The first community Thanksgiving in what to become America was
celebrated by our Pilgrim forefathers at Plymouth in the fall of 1621. Theirs was a celebration of gratitude to a
Heavenly Father who had sent a bounteous harvest to that beleaguered little
colony. Almost half of Plymouth’s
original 101 settlers had died during the severe winter of 1620-21, just 11
months before. Most of the Plymouth
Pilgrims had been merchants and artisans in England, and they were woefully
unprepared to live off the land.
Fortunately, a bounteous harvest came in that fall and the native
Americans shared with them what they had and a grateful and relieved Governor
Bradford proclaimed a three-day period of fasting and then celebration.
That celebration was at least partially borrowed from
the admonition found in the Biblical book of Leviticus that provides: “When
ye have gathered in the fruit of the land, ye shall keep a feast unto the Lord.
. . and ye shall rejoice before the Lord, your God (Lev. 23:39-40).

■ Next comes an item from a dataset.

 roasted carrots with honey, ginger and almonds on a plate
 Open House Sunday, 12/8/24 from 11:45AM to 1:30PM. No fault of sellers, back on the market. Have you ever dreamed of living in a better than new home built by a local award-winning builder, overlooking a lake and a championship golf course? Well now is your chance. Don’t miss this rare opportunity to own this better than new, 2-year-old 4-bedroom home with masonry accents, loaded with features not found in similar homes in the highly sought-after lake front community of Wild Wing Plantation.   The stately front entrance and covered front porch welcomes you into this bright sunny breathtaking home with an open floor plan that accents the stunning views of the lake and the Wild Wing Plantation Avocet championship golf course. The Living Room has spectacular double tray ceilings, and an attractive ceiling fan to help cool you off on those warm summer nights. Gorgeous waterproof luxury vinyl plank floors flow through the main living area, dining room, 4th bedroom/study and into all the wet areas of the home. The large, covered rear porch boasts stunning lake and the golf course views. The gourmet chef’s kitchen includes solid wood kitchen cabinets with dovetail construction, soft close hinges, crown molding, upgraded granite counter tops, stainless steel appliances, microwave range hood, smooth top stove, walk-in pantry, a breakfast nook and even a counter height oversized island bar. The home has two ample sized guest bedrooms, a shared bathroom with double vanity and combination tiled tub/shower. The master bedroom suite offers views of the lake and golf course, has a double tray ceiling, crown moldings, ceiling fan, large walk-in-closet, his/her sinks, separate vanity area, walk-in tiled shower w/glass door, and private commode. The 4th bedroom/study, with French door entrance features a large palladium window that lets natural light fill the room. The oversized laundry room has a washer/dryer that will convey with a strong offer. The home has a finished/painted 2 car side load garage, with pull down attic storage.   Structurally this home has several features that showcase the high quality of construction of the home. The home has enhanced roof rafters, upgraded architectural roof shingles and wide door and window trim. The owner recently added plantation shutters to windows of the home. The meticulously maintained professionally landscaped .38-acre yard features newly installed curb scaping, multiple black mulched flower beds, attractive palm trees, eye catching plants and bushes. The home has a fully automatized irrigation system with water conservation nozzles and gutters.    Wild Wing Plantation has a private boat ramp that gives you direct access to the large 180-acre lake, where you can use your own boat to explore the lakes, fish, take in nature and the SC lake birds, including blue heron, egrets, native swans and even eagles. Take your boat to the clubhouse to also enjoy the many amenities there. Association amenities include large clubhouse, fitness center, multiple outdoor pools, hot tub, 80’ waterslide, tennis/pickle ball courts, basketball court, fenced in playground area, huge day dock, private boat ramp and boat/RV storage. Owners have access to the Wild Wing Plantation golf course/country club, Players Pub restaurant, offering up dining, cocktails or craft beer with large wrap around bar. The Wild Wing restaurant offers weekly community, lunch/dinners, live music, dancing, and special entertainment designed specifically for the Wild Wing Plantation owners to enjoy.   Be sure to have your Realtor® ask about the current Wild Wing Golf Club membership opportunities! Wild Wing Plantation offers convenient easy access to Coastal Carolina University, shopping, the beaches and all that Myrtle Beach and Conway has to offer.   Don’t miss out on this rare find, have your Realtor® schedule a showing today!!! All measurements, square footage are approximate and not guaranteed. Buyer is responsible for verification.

That first feast and many subsequent celebrations of
Thanksgiving focused upon man’s relationship with God, our Heavenly Father. Our
subsequent forefathers understood well their dependence on God. President George Washington, in his proclamation establishing
the 1789 Thanksgiving celebration, said in part,
“Whereas, it is the duty of all nations to
acknowledge the providence of almighty God, to obey his will, to be grateful
for his benefits, and humbly to implore his protection and favor. . . that we
may then all unite in rendering unto him our sincere and humble thanks for his
kind care and protection of the people of this country.”
In a book of scripture sacred to me, The
Book of Mormon clearly taught the sacred origin of Thanksgiving when he
proclaimed unto his people:
“O how
you ought to thank your heavenly King! I
say unto you, my brethren, that if you could render all the thanks and praise
which your whole soul has power to possess, that that God who has created you,
and has kept and preserved you and has caused that ye should rejoice, and has
granted that ye should live in peace one with another. . . . I say, if ye
should serve him with all your whole souls yet ye would be unprofitable
servants.” (Mosiah 2:19-21)
Regrettably, with prosperity came false and humanistic
notions. People who once rendered
thankful praise to their God soon came to praise their own industry and
intellect and forgot their God. In like
manner even Christmas and Easter have been grossly distorted.
Remember always that it wasn’t our intellect or our
acquired abilities that enabled us to be here today. May an attitude of thankfulness to God always
be with us, and not just in the time it takes to listen to a blessing on this
lovely Thanksgiving feast we remember in Norman Rockwell's painting or on our own table would be my hope for people of all nations.